I am trying to use GridSearchCV to optimize a pipeline that does feature selection in the beginning and classification using KNN at the end. I have fitted the model using my data set but when I see the best parameters found by GridSearchCV, it only gives the best parameters for SelectKBest. I have no idea why it doesn't show the best parameters for KNN.
Here is my code.
Addition of KNN and SelectKbest
classifier = KNeighborsClassifier()
parameters = {"classify__n_neighbors": list(range(5,15)),
"classify__p":[1,2]}
sel = SelectKBest(f_classif)
param={'kbest__k': [10, 20 ,30 ,40 ,50]}
GridsearchCV with pipeline and parameter grid
model = GridSearchCV(Pipeline([('kbest',sel),('classify', classifier)]),
param_grid=[param,parameters], cv=10)
fitting the model
model.fit(X_new, y)
the result
print(model.best_params_)
{'kbest__k': 40}
CodePudding user response:
That's an incorrect way of merging dicts I believe. Try
param_grid={**param,**parameters}
or (Python 3.9 )
param_grid=param|parameters
CodePudding user response:
When param_grid
is a list, the disjoint union of the grids generated by each dictionary in the list is explored.

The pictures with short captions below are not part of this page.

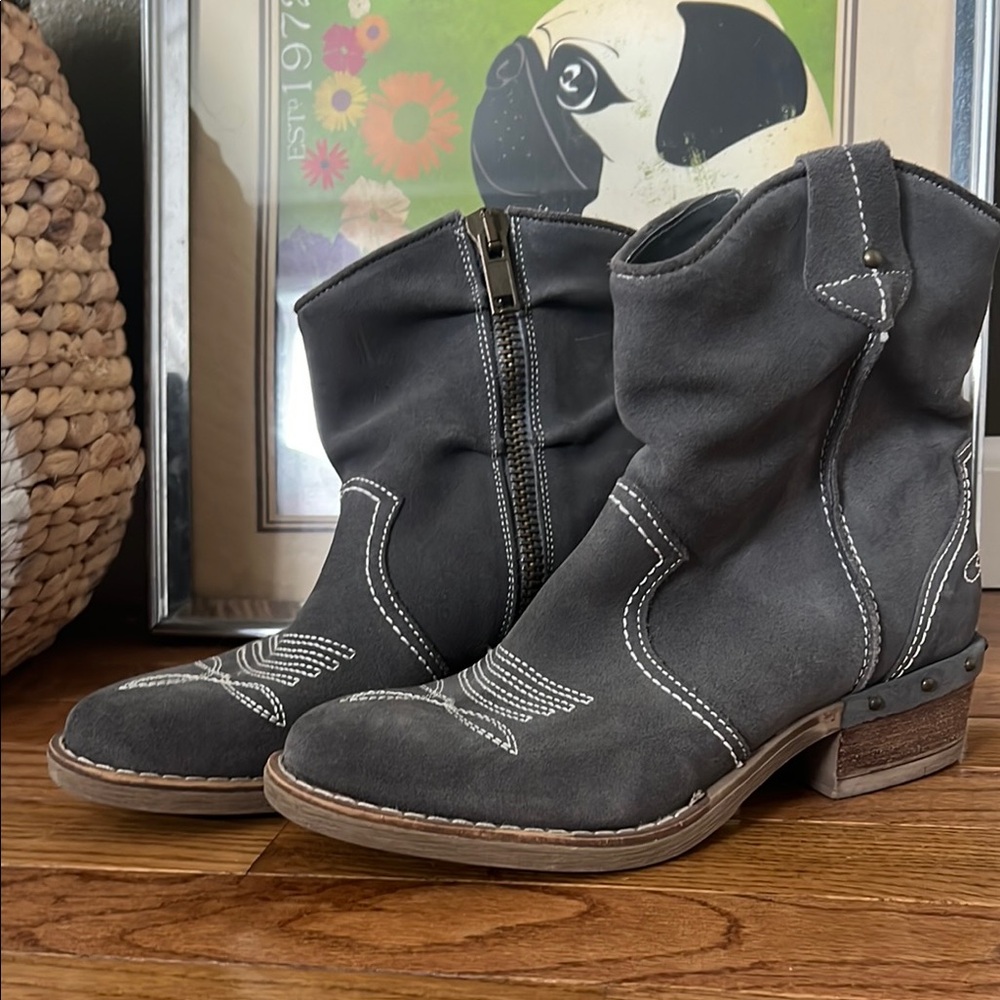 Stylish Sundance Gray Suede Women's Slouchy ankle boots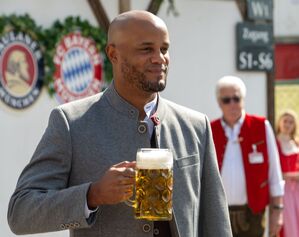 Kann auf einen erfolgreichen Start in seine Bayern-Amtszeit anstoßen: Vincent Kompany., © Stefan Puchner/dpa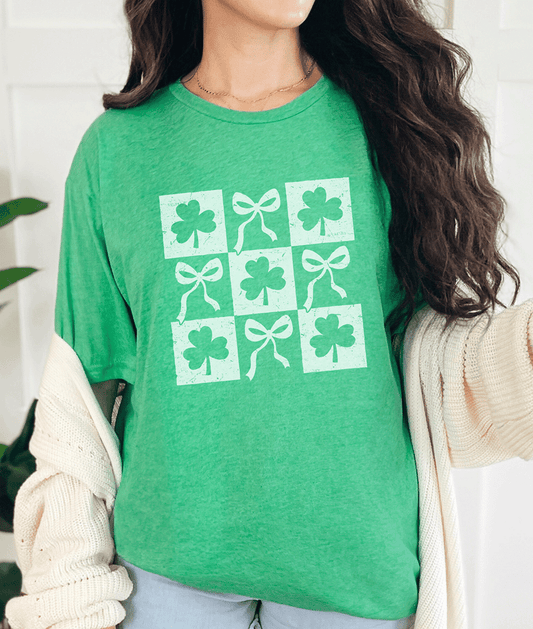 T-Shirt Heather Irish Green / S Checkered Clover and Bows Tee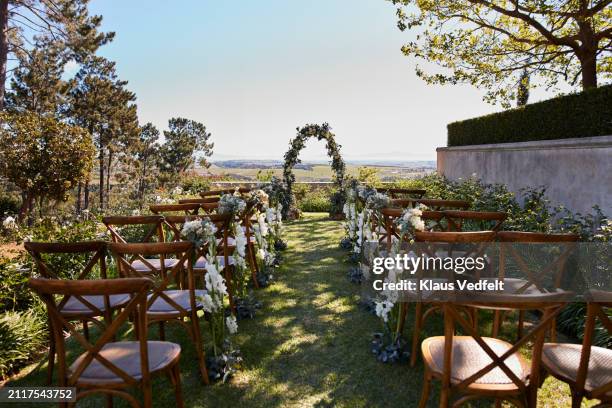 empty chairs decorated with flowers - cérémonie du mariage photos et images de collection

So your search is over (1) the default k=10
selected features and every combination of classifier parameters, and separately (2) the default classifier parameters and each value of k
. That the best parameters just show k=40
means that having more features, even with default classifier, performed best. You can check your cv_results_
to verify.
As dx2-66 answers, merging the dictionaries will generate the full grid you probably are after. You could also just define a single dictionary from the start.